When an applicant narrows a claim by amendment to overcome a prior art rejection (§ 102 or § 103), prosecution history estoppel (also called file wrapper estoppel) prevents the patent owner from later using the doctrine of equivalents to recapture the scope surrendered by the amendment. Festo Corp. v. Shoketsu Kinzoku Kogyo Kabushiki Co. (S.Ct. 2002): A narrowing amendment related to patentability creates a PRESUMPTION that the entire territory between the original claim language and the narrowed claim language was surrendered — the patent owner cannot use DOE to cover the surrendered scope. Rebutting the presumption: the patent owner can rebut the Festo presumption by showing: (1) the equivalent was unforeseeable at the time of amendment; (2) the rationale for the amendment bears only a tangential relation to the equivalent; (3) there is some other reason making it unforeseeable that the claim language would be interpreted to encompass the equivalent. Argument-based estoppel: even without an amendment, if the applicant made arguments limiting claim scope to overcome a rejection, prosecution history estoppel can bar DOE for the argued-away scope.
Can patent claims be broadened after issuance?
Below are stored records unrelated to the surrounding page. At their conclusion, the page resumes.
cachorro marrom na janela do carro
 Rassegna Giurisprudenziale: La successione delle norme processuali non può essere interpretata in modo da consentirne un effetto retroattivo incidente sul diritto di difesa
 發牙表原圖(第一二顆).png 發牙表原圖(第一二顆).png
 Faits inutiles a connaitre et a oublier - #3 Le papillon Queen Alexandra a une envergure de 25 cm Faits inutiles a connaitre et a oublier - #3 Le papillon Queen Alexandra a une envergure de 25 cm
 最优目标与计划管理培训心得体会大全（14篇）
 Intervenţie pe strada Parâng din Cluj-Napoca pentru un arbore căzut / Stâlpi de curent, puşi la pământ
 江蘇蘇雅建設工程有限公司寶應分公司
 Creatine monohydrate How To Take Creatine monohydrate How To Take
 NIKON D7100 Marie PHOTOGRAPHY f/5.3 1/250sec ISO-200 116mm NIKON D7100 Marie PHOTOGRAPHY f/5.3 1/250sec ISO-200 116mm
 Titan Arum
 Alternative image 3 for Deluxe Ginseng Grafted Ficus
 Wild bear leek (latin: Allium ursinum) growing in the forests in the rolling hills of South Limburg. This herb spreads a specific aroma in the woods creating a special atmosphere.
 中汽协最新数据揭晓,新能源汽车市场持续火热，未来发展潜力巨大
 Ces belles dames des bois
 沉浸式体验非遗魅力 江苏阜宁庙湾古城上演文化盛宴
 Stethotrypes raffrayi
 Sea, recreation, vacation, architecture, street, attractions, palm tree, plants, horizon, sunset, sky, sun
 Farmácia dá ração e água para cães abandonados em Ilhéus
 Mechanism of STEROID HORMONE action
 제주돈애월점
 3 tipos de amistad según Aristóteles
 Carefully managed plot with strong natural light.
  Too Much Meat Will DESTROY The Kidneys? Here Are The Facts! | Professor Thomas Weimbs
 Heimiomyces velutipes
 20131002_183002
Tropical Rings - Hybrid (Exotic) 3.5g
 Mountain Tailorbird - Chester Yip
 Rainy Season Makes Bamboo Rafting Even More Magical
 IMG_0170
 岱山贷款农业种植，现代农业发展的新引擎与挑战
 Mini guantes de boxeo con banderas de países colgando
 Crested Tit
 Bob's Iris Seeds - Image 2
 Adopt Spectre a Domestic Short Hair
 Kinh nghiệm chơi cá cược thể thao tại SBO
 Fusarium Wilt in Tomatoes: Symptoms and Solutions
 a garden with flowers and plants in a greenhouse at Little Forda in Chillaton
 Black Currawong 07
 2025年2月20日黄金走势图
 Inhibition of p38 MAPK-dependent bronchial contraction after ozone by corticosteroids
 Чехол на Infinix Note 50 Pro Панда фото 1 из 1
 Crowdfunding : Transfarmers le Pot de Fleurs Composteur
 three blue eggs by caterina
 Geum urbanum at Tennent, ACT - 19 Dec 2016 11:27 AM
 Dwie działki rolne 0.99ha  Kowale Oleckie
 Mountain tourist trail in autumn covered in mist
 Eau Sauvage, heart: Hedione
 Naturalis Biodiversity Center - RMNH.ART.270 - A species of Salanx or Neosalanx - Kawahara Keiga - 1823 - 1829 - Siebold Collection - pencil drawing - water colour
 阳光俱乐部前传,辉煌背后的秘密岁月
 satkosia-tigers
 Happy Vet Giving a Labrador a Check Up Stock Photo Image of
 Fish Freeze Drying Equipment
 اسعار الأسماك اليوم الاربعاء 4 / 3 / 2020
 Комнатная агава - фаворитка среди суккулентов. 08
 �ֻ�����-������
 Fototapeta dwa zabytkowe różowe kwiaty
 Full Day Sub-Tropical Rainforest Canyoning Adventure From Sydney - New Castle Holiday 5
Generally no — claims can only be broadened through broadening reissue within a strict time window. BROADENING REISSUE (35 U.S.C. § 251): An issued patent can be reissued to correct an error in the original patent. Claims may be broadened by reissue ONLY if: (1) Application for broadening reissue is filed within 2 YEARS of the original patent's grant date; (2) The broadened claims are fully supported by the original disclosure (no new matter); (3) The applicant establishes the original patent claims were made 'through error' — an honest mistake, not a deliberate claim scope decision; (4) The broadened claims were not deliberately omitted from the original application. INTERVENING RIGHTS: parties who practice the claimed invention during the period between the original patent's grant and the broadening reissue have intervening rights — they are protected from infringement liability for activities during that period and may have the right to continue those activities. OUTSIDE THE 2-YEAR WINDOW: claims cannot be broadened; only narrowing amendments are permitted after 2 years. By statute, the 2-year window for broadening reissue is absolute.
What is the difference between after-final amendments and RCE?
After a 'Final' office action, the applicant's options for amending claims are limited: AFTER-FINAL CLAIM AMENDMENTS: amendments after a final rejection are not automatically entered; the applicant must request entry, and the examiner has discretion to accept or refuse. After-Final Consideration Pilot (AFCP 2.0): the examiner may consider a non-broadening after-final amendment if it can be resolved without searching new prior art (3 hours of additional examiner work, no fee). Amendments that raise new issues or require new searching are typically refused entry. REQUEST FOR CONTINUED EXAMINATION (RCE) — 37 C.F.R. § 1.114: if an amendment is not entered after final or if further prosecution is needed, the applicant files an RCE (with a fee: $1,800 large entity, $900 small entity for the first RCE), which reopens prosecution — the application is no longer 'final' and further amendments can be freely made. RCE consequences: (1) Consumes patent term adjustment (PTA) — the C-delay rule counts RCE-related delays against PTA; (2) The patent term does NOT restart — it continues running from the original filing date; (3) Multiple RCEs are common in complex cases.